● What is expected
Quote the listing below word for word, stopping after the line that contains "Две половинки кокосового".

****************

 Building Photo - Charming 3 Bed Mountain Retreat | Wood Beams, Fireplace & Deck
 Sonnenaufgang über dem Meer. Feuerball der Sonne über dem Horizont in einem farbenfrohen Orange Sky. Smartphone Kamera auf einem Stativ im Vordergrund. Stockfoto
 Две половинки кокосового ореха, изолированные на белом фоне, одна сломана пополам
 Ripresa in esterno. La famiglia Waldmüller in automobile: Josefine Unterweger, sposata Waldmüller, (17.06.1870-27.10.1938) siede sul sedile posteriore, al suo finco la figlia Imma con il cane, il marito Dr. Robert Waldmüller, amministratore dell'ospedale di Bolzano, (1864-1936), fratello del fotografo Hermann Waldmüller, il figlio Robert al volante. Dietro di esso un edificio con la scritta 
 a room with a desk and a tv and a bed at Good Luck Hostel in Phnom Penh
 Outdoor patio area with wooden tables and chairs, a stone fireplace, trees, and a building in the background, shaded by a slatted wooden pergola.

****************

● Output
 Building Photo - Charming 3 Bed Mountain Retreat | Wood Beams, Fireplace & Deck
 Sonnenaufgang über dem Meer. Feuerball der Sonne über dem Horizont in einem farbenfrohen Orange Sky. Smartphone Kamera auf einem Stativ im Vordergrund. Stockfoto
 Две половинки кокосового ореха, изолированные на белом фоне, одна сломана пополам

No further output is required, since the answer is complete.